Carbon blacks identified by Nxxx, such as N330, N990 and N660, are intended to refer to ASTM grade carbon blacks. Carbon black identified as BCxxxx is intended to refer to a grade of carbon black produced by Birla Carbon U.S.A., Inc. The test method is established by ASTM or. or a method commonly recognized and used in the carbon black industry. OAN refers to Oil Absorption Value (ASTM D2414) and is intended to provide an indication of the structure or aggregate size of carbon black grades. COAN refers to the oil absorption number (ASTM D3493) of a compressed carbon black sample. In some embodiments, the difference between the OAN and COAN of the carbon black sample may provide an indication of the stability of the structure of the carbon black. NSA refers to nitrogen surface area (ASTM D6556), and B.E.T. A measure of the total surface area of a carbon black sample that has access to nitrogen, including porosity, based on theory. STSA refers to the statistical thickness surface area or outer surface area (ASTM D6556) of a carbon black sample that has access to rubber. Iodine adsorption (ASTM D1510) is related to the surface area of the carbon black sample and is generally consistent with NSA values, although volatility, surface porosity, or the presence of extracts may affect the iodine number. Aging of carbon black samples can also affect iodine number.

[Table 1]

Colloidal properties of furnace carbon black

In one embodiment, the carbon black comprises furnace carbon black. In another embodiment, the carbon black is from about 145 ml/100 g to about 165 ml/100 g, from about 140 ml/100 g to about 170 ml/100 g, from about 150 ml/100 g to about 160 ml/100 g, or about 152 ml/100 g. to about 158 ml/100 g of OAN. In various embodiments, the carbon black has an OAN of about 150, 151, 152, 153, 154, 155, 156, 157, 158, 159, or 160 ml/100 g.
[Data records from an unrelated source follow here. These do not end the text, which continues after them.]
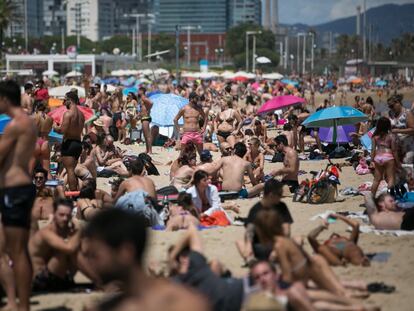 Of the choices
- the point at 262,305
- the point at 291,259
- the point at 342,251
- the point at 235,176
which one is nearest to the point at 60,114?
the point at 235,176

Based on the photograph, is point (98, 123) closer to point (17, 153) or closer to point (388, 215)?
point (388, 215)

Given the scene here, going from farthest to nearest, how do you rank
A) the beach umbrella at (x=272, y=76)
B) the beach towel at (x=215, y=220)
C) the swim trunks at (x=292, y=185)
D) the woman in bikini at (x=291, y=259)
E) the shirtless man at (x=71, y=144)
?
1. the beach umbrella at (x=272, y=76)
2. the swim trunks at (x=292, y=185)
3. the shirtless man at (x=71, y=144)
4. the beach towel at (x=215, y=220)
5. the woman in bikini at (x=291, y=259)

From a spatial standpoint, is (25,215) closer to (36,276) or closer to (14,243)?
(14,243)

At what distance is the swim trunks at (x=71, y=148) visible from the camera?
11.1m

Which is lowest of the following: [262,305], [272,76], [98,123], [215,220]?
[215,220]

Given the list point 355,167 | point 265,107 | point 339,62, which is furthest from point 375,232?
point 339,62

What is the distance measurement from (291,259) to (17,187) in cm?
184

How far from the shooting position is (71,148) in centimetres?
1106

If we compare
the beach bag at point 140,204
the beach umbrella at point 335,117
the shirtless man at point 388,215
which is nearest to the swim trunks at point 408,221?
the shirtless man at point 388,215

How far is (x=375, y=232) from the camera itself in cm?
901

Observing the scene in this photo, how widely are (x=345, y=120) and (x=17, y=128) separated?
37.1 feet

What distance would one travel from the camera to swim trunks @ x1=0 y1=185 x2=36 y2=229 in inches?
231

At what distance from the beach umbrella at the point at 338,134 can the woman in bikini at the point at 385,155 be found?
6777 millimetres

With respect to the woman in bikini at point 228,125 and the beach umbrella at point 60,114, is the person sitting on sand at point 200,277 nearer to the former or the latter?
the beach umbrella at point 60,114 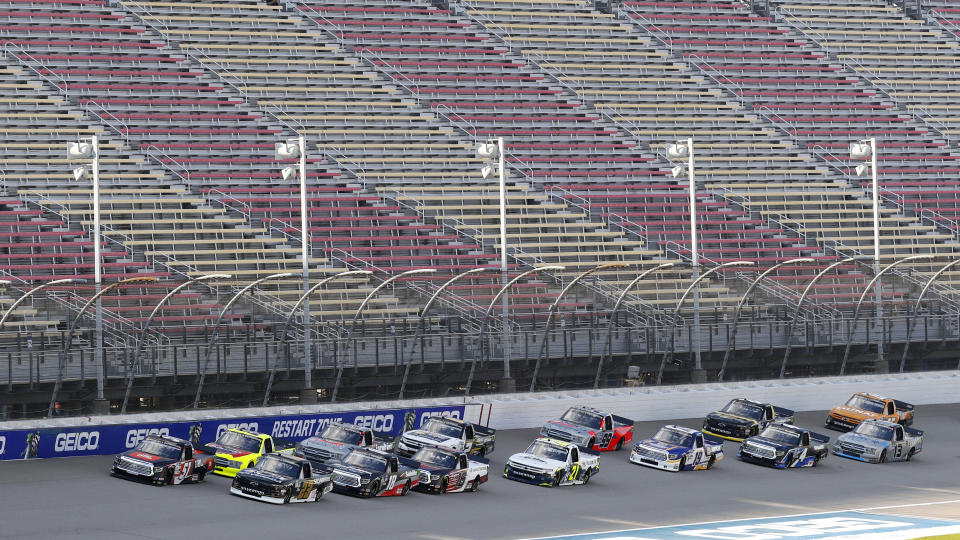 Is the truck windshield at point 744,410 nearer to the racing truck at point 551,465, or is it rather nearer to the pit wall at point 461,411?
the pit wall at point 461,411

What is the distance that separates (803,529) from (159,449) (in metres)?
13.7

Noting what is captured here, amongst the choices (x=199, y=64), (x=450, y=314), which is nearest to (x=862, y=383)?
(x=450, y=314)

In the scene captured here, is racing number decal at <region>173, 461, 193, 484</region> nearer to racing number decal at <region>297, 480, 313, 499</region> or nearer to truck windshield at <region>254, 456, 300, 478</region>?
truck windshield at <region>254, 456, 300, 478</region>

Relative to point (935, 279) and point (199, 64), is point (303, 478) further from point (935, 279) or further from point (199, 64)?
point (199, 64)

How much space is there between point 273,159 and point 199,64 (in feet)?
20.3

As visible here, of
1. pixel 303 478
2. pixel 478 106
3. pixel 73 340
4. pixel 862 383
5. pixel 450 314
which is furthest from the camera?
pixel 478 106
In another embodiment, the carbon black is from about 85 ml/100 g to about 115 ml/100 g, or from about 80 ml/100 g to about 120 ml/100 g, from about 90 ml/100 g to about 110 ml/100 g, about 95 ml/100 g to about 105 ml/100 g, or from about 97 ml/100 g to about 103 ml/100 g. In various embodiments, the carbon black has a COAN of about 95, 96, 97, 98, 99, 100, 101, 102, 103, 104, or 105 ml/100 g.
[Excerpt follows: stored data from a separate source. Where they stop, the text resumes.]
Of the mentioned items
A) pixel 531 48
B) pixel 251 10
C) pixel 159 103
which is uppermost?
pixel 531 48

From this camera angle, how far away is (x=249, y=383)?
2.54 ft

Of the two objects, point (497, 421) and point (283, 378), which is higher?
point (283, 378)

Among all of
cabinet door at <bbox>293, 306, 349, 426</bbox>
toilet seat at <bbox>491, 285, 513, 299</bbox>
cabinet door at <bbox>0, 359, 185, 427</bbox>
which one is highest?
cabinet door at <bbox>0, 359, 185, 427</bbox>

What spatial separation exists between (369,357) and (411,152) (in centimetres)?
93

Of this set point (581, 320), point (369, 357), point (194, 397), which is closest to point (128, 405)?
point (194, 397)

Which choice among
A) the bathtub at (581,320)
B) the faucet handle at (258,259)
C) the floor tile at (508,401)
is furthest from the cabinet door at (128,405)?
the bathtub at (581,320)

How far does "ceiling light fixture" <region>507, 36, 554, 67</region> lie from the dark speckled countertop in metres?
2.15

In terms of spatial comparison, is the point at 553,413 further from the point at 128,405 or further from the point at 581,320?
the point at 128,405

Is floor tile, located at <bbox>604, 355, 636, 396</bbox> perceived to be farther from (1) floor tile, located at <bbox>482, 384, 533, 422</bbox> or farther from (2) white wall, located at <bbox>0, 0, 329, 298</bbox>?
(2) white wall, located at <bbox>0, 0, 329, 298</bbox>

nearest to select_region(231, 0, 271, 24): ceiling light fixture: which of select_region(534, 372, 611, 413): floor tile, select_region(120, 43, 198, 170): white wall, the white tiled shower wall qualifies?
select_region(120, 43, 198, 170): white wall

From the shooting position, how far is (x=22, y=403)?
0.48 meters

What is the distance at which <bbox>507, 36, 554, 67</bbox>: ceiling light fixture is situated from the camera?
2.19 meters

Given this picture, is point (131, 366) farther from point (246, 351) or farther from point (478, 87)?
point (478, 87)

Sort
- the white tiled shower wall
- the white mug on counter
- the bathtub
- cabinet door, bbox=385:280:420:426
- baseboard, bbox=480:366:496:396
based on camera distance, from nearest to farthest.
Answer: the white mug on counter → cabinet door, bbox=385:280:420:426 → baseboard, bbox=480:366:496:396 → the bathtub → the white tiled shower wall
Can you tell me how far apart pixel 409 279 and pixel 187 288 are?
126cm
In another aspect, the carbon black is from about 40 m/g to about 80 m/g, or from about 45 m/g to about 75 m/g, from about 50 m/g to about 70 m/g, about 55 m/g. to about 65 m/g, or from about 57 m/g to about 63 m/g. In various embodiments, the carbon black has an NSA of about 55, 56, 57, 58, 59, 60, 61, 62, 63, 64, or 65 m 2 /g.

In another aspect, the carbon black is from about 40 m/g to about 80 m/g, or from about 45 m/g to about 75 m/g, from about 50 m/g to about 70 m/g, about 55 m/g. to about 65 m/g, or from about 57 m/g to about 63 m/g. In various embodiments, the carbon black has an STSA of about 55, 56, 57, 58, 59, 60, 61, 62, 63, 64, or 65 m 2 /g.
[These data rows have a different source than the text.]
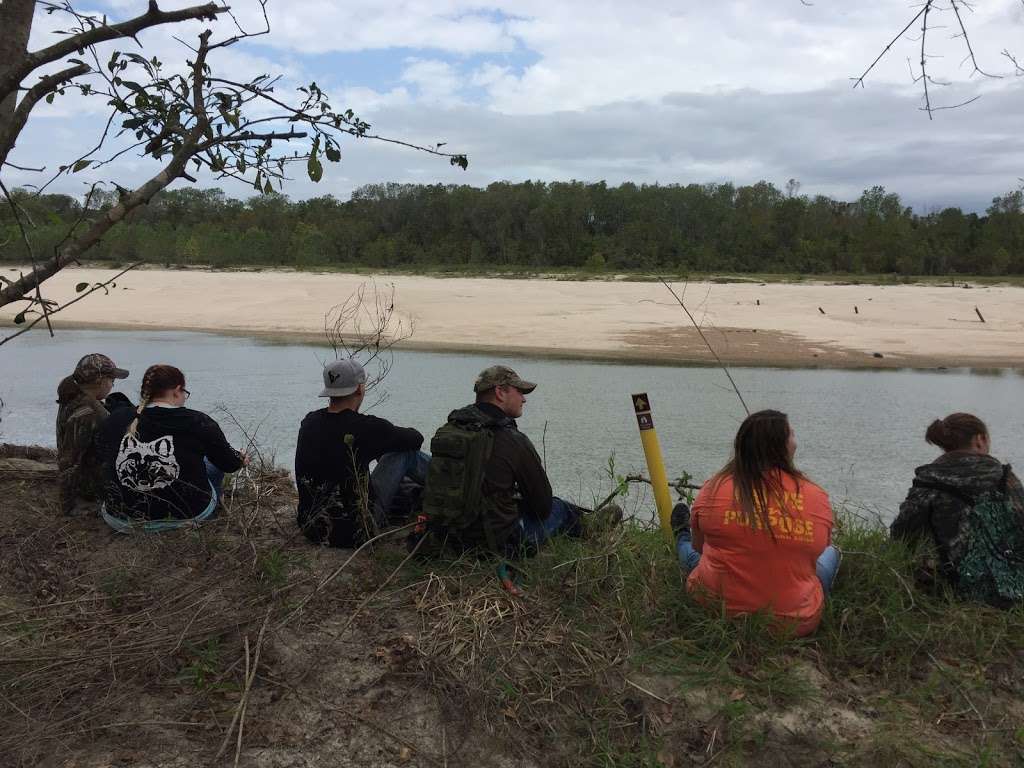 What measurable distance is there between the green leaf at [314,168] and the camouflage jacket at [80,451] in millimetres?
2454

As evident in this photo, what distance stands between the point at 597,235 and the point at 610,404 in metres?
34.9

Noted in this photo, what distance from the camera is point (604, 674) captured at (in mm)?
3312

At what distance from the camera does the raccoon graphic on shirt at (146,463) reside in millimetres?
4207

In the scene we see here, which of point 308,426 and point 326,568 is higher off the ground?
point 308,426

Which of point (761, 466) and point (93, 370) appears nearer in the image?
point (761, 466)

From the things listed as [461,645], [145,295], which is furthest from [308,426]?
[145,295]

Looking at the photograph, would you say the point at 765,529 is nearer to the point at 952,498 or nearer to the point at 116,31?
the point at 952,498

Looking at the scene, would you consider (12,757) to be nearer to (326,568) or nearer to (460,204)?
(326,568)

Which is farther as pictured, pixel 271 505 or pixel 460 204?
pixel 460 204

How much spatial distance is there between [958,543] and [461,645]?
2.12 metres

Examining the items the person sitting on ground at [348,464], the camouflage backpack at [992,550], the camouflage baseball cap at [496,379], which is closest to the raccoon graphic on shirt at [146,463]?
the person sitting on ground at [348,464]

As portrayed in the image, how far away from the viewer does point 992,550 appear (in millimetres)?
3744

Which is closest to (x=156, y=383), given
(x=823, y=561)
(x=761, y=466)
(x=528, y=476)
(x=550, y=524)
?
(x=528, y=476)

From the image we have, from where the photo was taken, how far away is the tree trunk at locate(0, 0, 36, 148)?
117 inches
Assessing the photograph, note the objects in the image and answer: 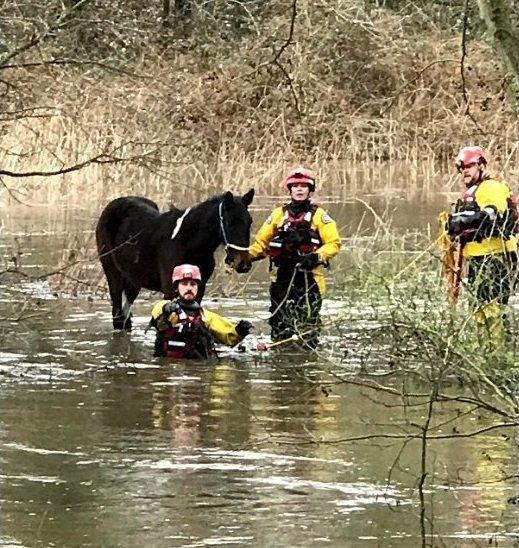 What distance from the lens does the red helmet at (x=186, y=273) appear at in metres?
12.5

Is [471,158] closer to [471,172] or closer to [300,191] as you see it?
[471,172]

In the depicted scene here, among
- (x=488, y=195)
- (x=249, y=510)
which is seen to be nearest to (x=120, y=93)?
(x=488, y=195)

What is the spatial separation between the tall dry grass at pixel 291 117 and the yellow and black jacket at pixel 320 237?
9943 millimetres

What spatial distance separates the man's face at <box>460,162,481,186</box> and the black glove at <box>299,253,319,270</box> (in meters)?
1.48

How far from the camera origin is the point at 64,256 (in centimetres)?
1831

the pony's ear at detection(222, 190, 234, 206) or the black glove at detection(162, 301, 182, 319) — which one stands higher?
the pony's ear at detection(222, 190, 234, 206)

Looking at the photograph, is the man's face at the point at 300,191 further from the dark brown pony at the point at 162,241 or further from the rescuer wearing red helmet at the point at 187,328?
the rescuer wearing red helmet at the point at 187,328

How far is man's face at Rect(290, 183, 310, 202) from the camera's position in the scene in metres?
12.9

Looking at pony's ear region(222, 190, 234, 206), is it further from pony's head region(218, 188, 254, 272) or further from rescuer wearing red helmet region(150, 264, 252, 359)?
rescuer wearing red helmet region(150, 264, 252, 359)

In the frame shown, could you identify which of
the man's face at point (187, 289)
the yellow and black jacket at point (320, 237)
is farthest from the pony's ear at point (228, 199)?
the man's face at point (187, 289)

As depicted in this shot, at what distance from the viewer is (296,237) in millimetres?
12977

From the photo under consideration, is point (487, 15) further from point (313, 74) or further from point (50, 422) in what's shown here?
point (313, 74)

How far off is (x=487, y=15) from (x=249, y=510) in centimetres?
289

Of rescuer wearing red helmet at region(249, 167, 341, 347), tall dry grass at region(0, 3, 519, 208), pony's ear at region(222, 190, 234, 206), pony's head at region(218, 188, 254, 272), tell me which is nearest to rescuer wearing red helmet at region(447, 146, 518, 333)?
rescuer wearing red helmet at region(249, 167, 341, 347) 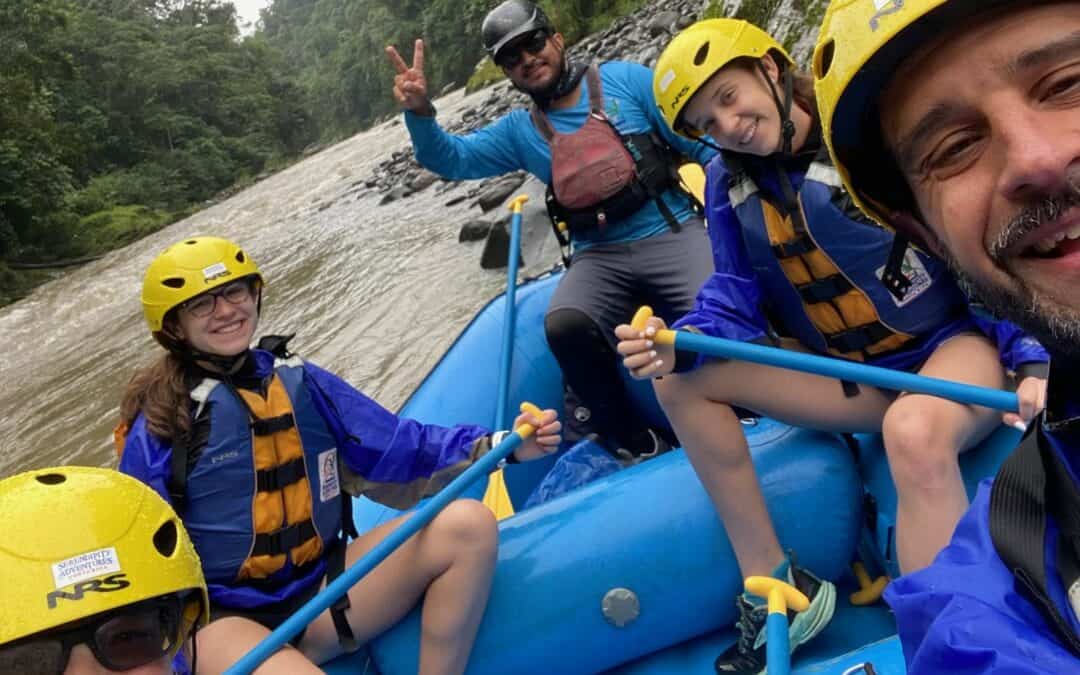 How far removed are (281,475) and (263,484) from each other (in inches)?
1.9

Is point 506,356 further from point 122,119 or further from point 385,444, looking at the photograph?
point 122,119

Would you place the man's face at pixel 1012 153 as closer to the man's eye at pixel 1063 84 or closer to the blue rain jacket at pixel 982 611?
the man's eye at pixel 1063 84

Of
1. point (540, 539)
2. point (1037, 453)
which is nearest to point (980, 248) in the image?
point (1037, 453)

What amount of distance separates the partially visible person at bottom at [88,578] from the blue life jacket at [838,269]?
56.3 inches

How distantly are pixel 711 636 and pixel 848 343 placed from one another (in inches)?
31.0

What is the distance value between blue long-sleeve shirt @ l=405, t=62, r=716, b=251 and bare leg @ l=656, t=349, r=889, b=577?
119cm

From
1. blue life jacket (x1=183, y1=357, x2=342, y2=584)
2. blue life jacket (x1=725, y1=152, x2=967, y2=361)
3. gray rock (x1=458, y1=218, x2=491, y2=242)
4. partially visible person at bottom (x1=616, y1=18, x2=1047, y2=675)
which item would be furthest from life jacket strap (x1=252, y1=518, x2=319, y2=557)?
gray rock (x1=458, y1=218, x2=491, y2=242)

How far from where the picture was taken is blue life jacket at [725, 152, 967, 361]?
5.88 ft

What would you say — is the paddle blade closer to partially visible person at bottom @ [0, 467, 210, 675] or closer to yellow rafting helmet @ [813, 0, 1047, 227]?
partially visible person at bottom @ [0, 467, 210, 675]

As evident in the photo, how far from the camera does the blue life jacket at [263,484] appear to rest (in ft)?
6.31

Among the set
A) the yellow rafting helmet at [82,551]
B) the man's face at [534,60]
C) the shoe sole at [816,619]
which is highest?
the man's face at [534,60]

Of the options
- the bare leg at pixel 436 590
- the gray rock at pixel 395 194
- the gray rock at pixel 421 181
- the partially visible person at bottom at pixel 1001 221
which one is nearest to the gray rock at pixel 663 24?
the gray rock at pixel 421 181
In another embodiment, the carbon black is from about 40 mg/g to about 80 mg/g, or from about 45 mg/g to about 75 mg/g, from about 50 mg/g to about 70 mg/g, about 55 mg/g to about 65 mg/g, or from about 57 mg/g to about 63 mg/g. In various embodiments, the carbon black has an iodine number of about 55, 56, 57, 58, 59, 60, 61, 62, 63, 64, or 65 mg/g.

In one embodiment, the carbon black comprises from about 145 ml/100 g to about 165 ml/100 g, from about 150 ml/100 g to about 160 ml/100 g, or from about 152 ml/100 g to about 158 ml/100 g OAN; COAN from about 90 ml/100 g to about 110 ml/100 g, from about 95 ml/100 g to about 105 ml/100 g, or from about 97 ml/100 g to about 103 ml/100 g; NSA from about 50 m/g to about 70 m/g, from about 55 m/g to about 65 m/g, or from about 57.5 m/g to about 63 m/g; STSA from about 50 m/g to about 70 m/g, from about 55 m/g to about 65 m/g, or from about 57 m/g to about 63 m/g; and an iodine number from about 50 mg/g to about 70 mg/g, from about 55 mg/g to about 65 mg/g, or from about 57 mg/g to about 63 mg/g. In another embodiment, the carbon black has two or more of the above properties. In other embodiments, the carbon black has 3, 4 or 5 of the above properties.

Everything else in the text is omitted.